Beginning at the line containing "シン(syn)&nbsp;センターパートウルフ シルバーカラー" and continuing to the end of the records below, give each line again exactly as it stands, and only those lines.

→ **The records**
◆ ◆ ◆

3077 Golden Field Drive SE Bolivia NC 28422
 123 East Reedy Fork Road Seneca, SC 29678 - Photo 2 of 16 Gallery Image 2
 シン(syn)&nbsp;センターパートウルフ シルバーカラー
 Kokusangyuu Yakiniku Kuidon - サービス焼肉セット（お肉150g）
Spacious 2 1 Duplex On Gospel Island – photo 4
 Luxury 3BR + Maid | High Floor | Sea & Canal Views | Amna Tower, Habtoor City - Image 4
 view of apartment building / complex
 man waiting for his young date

◆ ◆ ◆

→ **Answer to this task**
 シン(syn)&nbsp;センターパートウルフ シルバーカラー
 Kokusangyuu Yakiniku Kuidon - サービス焼肉セット（お肉150g）
Spacious 2 1 Duplex On Gospel Island – photo 4
 Luxury 3BR + Maid | High Floor | Sea & Canal Views | Amna Tower, Habtoor City - Image 4
 view of apartment building / complex
 man waiting for his young date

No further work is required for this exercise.